The way that the number of neurons in the fully connected layer is selected randomly is similar to the proposed procedure of Kanwal et al. [32]. More specifically, Bergstra and Bengio [40] demonstrated that selecting hyperparameters randomly works the same as or better than the grid search technique in similar frontiers, while resource usage is lower. Based on that, Kanwal et al. [32] randomly selected many hyperparameters, such as the number of hidden layers, dense layers’ neurons, and the learning rate. However, this study merely employed this technique to select the number of neurons in the fully connected layer.
Moreover, Fig. 4 illustrates the distribution of weights in the DSD-LSTM model across different stages of the DSD training strategy. During the initial step (dense), the distribution resembles a normal distribution. However, in the subsequent step, where weights are pruned, and the model undergoes re-training, a gap becomes evident at the center. In the final step, pruned weights are initialized with zero, resulting in a concentration of parameters near zero.
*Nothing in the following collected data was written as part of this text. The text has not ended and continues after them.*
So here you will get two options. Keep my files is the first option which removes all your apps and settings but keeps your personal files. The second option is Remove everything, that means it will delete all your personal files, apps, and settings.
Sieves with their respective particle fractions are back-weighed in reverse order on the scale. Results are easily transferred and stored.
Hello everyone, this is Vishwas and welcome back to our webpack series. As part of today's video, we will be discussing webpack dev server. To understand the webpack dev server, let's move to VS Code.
Nonetheless, the distribution from the previous step remains largely unchanged due to using one-tenth of the original learning rate in the re-dense step to guide the model towards a slightly improved local minimum by expanding its capacity.
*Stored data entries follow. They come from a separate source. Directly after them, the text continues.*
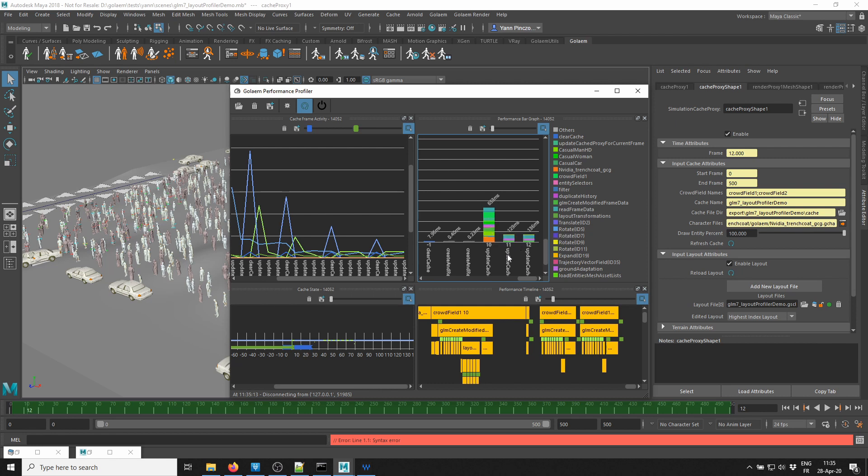So we gained some time on that part. That was a quick introduction to the profiler tool. If you have any questions, please let us know and see you in the next video. Thank you.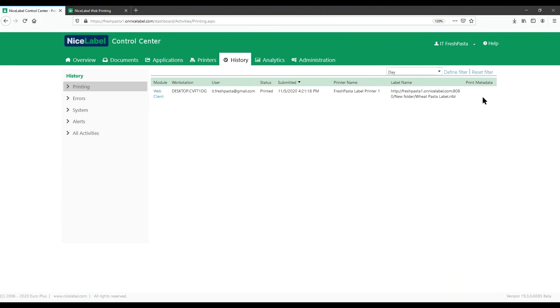That's it! You're printing your labels from Label Cloud from multiple printers and locations. Congratulations!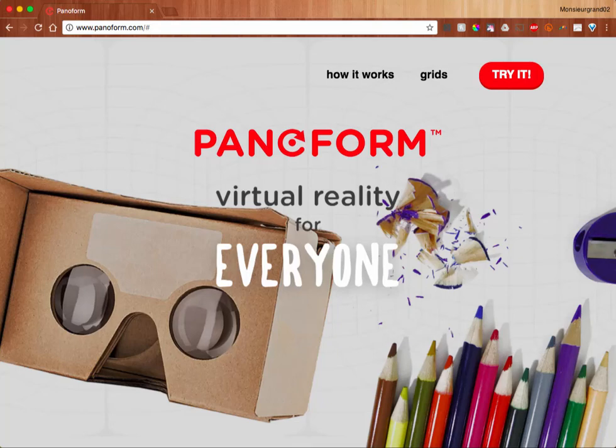Along with creating your own quick and easy VR experiences on the Panaform website, you can also get your own Panaform channel to save your own creations. And it's actually really simple.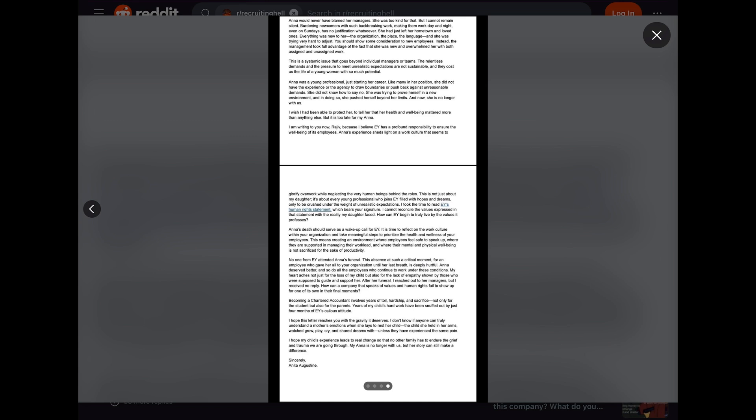Anna would never have blamed her managers. She was too kind for that. But I cannot remain silent. Burdening newcomers with such backbreaking work, making them work day and night, even on Sundays, has no justification whatsoever. She had just left her hometown and loved ones. Everything was new to her, the organization, the place, the language, and she was trying very hard to adjust. You should show some consideration to new employees. Instead, the management took full advantage of the fact that she was new and overwhelmed her with both assigned and unassigned work.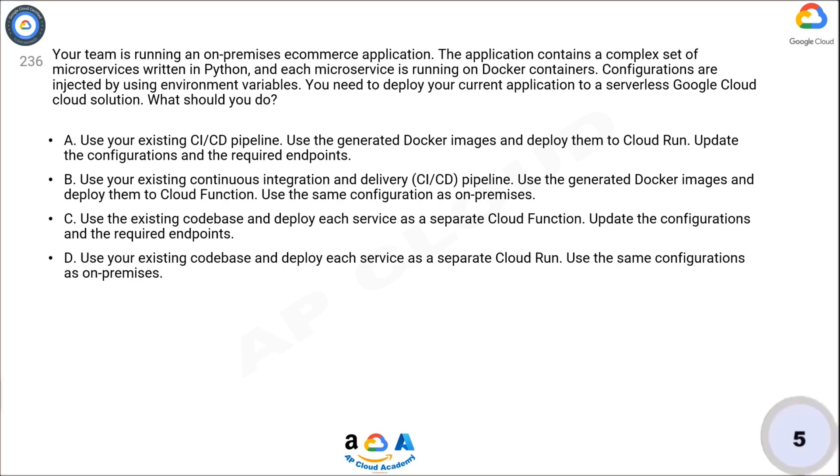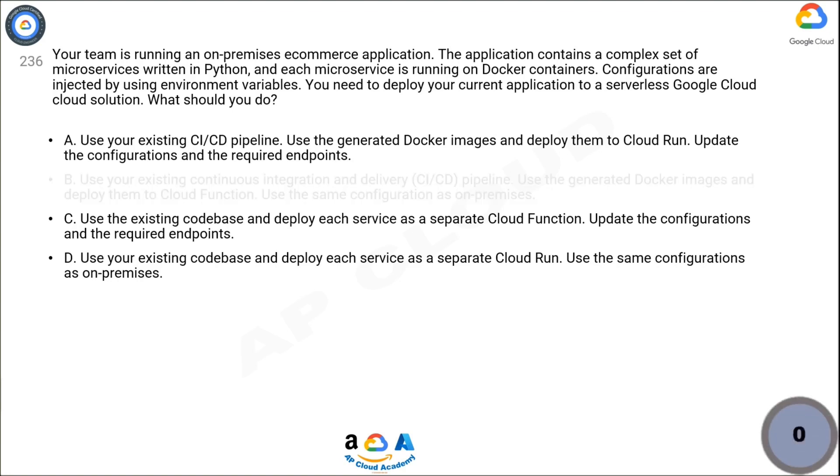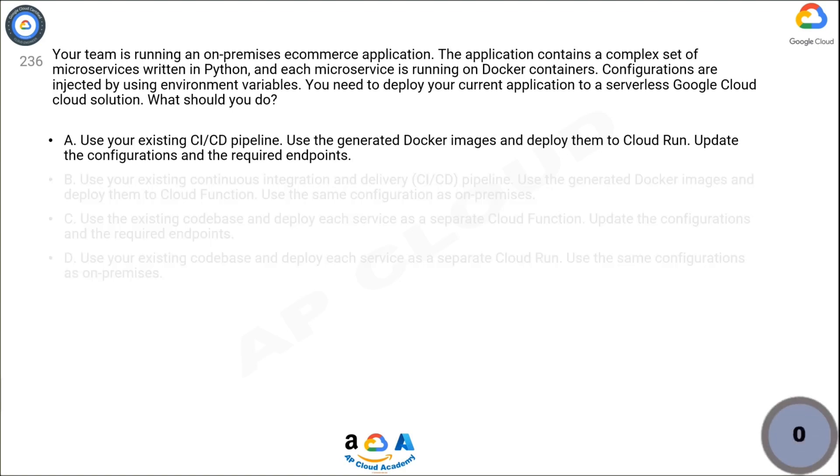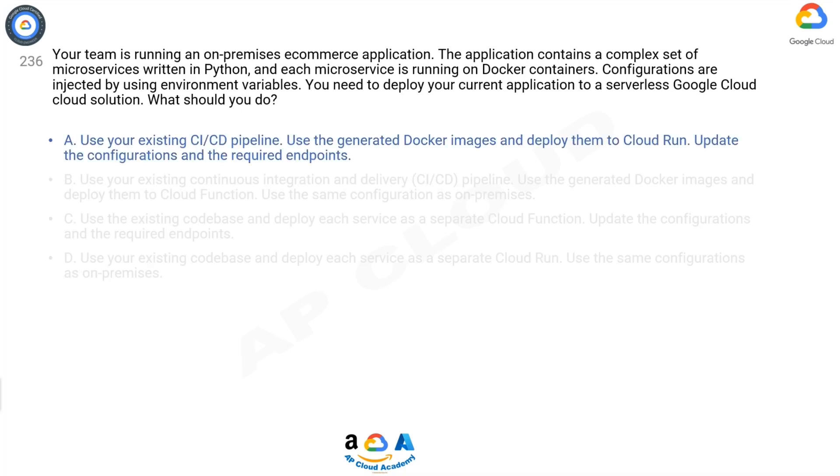Now think for five seconds for the correct answer. The correct answer is A.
Examining number of clusters and distance measure
Tables 1 and 2 demonstrate the performance of the K-means-LSTM model with different numbers of clusters and two distance measures, i.e., Euclidean and DTW, for the WTI and Brent datasets. Evidently, the performance of the two distance measures is quite the same, but the impact of the number of clusters is clearer. Therefore, using Euclidean is a better choice since it is lighter and faster. By looking at different clusters in Table 1, The best number for Euclidean distance is 8, which is better than all K-means-LSTM models trained with DTW distance. Moreover, 6 clusters performed worse than 4 and 8 clusters for both distance measures. It shows the importance of several clusters since using the wrong number of clusters can diminish the performance, no matter what other hyperparameters are employed. Also, for DTW in the WTI dataset, the best numbers of clusters are 2, 10, and 4, respectively.
Moreover, Table 2 is related to the performance of K-means-LSTM on the Brent dataset. Results demonstrate that the best performance of both distance measures is with two clusters. This means using two clusters is the best way to divide the dataset. Additionally, the second-best number of clusters is six for both measures. Again, the errors of Euclidean and DTW are close to each other in all clusters. However, the best error belongs to Euclidean distance.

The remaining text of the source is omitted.